不動産の売却物件を閲覧していると、たまに「建物は未登記につき…」という注釈を見ることがあります。
今回は不動産売却における未登記物件とは何か、また未登記物件の売却が難しい原因と対処法についてご紹介します。
未登記物件の不動産売却はどうする?売るのが難しいとされる原因
まず未登記物件とは何か、その概要をご説明します。
基本、建物は「表題登記」に登録しなければいけません。
新築から1か月以内に登記手続きをおこなうことが法律で義務付けられています。
この登記登録をおこなわずに放置されている建物を「未登記物件」と言います。
未登記物件の売却が難しい原因はいくつかあげられますが、主な理由は下記の通りです。
未登記物件の売却が難しい原因①所有者が不明
不動産の売買の際には売主と買主がおり、その売主と買主は登記簿をもって確認するのが基本です。
未登記物件は登記簿に記載がないため、持ち主を確認することができません。
買主からしてみれば、所有者が明確ではない物件を購入することは大きな不安となるでしょう。

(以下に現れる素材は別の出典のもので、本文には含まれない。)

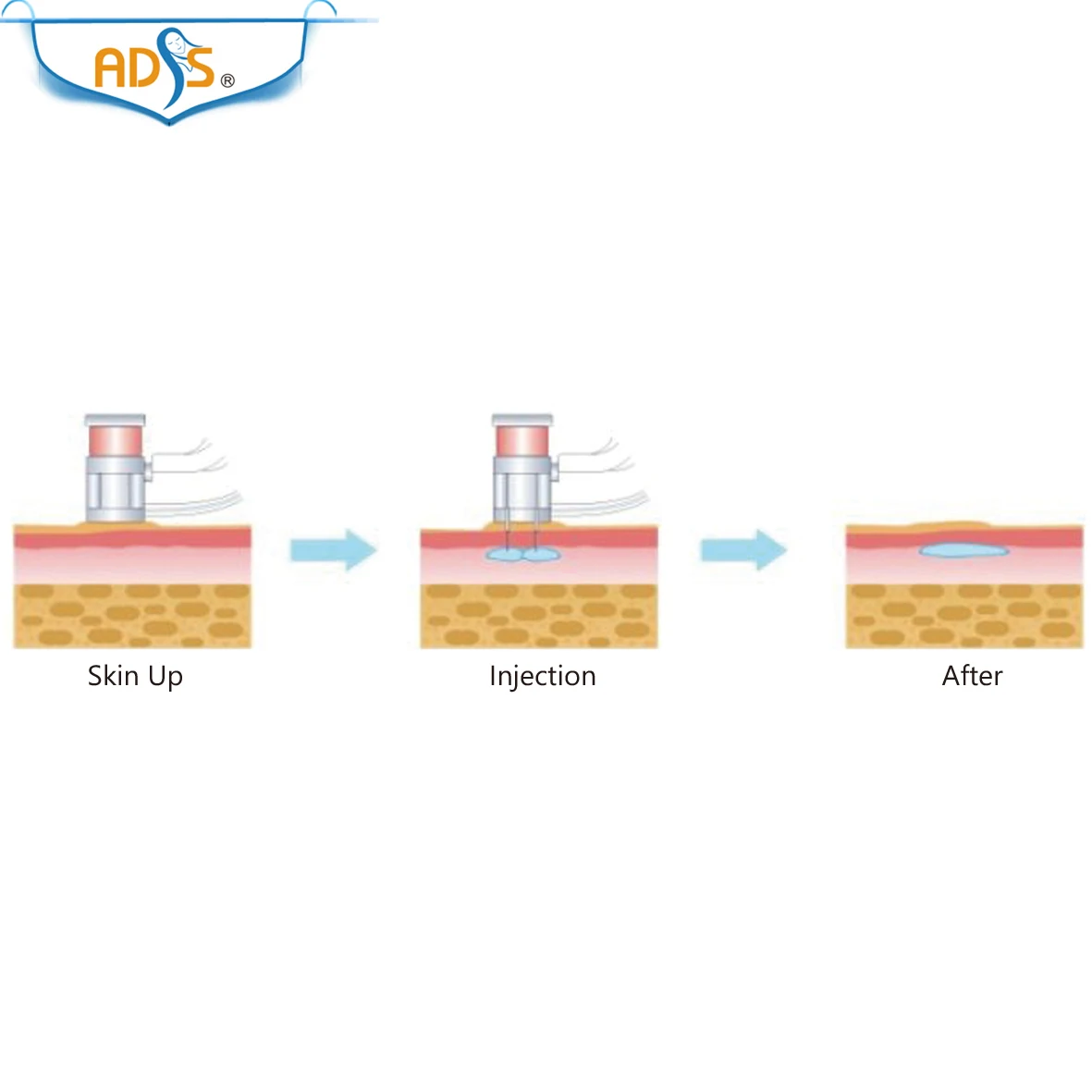 Хороший мини-стильный мезогун против акне и кожи, отбеливающий мезотерапевтический аппарат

所有者が明確ではないということは、売却後に真の所有者を名乗る人物が登場し、トラブルに発展するというケースも考えられます。
未登記物件の売却が難しい原因②抵当権が設定できない
未登記物件は抵当権を設定することができません。
抵当権は未登記の物件には設定することができず、抵当権を設定することが出来ないということは、この物件は住宅ローン適用外ということになるのです。
不動産購入に際して住宅ローンを利用する予定の人にとって、このような物件は大変購入しにくいということになります。
未登記物件の不動産売却はどうするべき?適切な対処法とは?
売却するのが難しい未登記物件。
それでも売却したい場合は、どのような対処法があるのでしょうか?
対処法①売る前に登記する
もっともシンプルな形と言えますが、売却する前の段階で売主が登記手続きを済ませて売却をおこなうという方法です。
買主への移転登記手続きは、売買代金決算時になります。
それまでに売主が所有権保存登記までしておけば、通常の不動産売買と同じように売却を進めることが可能です。
対処法②建物を解体して売却する
未登記物件とは「表題登記」に登録されていない不動産物件であるとご紹介しました。
建物がない土地だけの場合には「表題登記」に登録する必要はありません。
すなわち、土地の上に建物がない状態であれば「未登記物件」には該当しないのです。
ただし、未登記物件の場合にも解体後に「家屋滅失届(建物がなくなったことを証明する手続き)」が必要となります。詳しくは管轄の市区町村役場に確認することをおすすめします。
対処法③売買後に登記手続きをする
あくまで個人間での売買の場合であれば、未登記物件でもそのままの状態で売買することが可能です。
売買終結後に建物を登記登録する、または建物を解体する場合には家屋滅失届をおこなうという方法もあります。
ただし個人間での未登記物件の取引をおこなった場合には、売主による二重譲渡や、実は債権者からの差し押さえを受けているなどのリスクに見舞われるケースも想定されます。
そのようなリスク回避のためにも、代金の決算後は速やかに表題登記・所有権保存登記手続きを進めるようにしましょう。
まとめ
未登記物件の売却が難しいと言われている原因ならびに売却するための対処法について、ご紹介しました。
未登記物件はたしかに売却するには難しい類に入りますが、必ずしも売却ができないというわけではありませんので今回の内容も参考にしてみてください。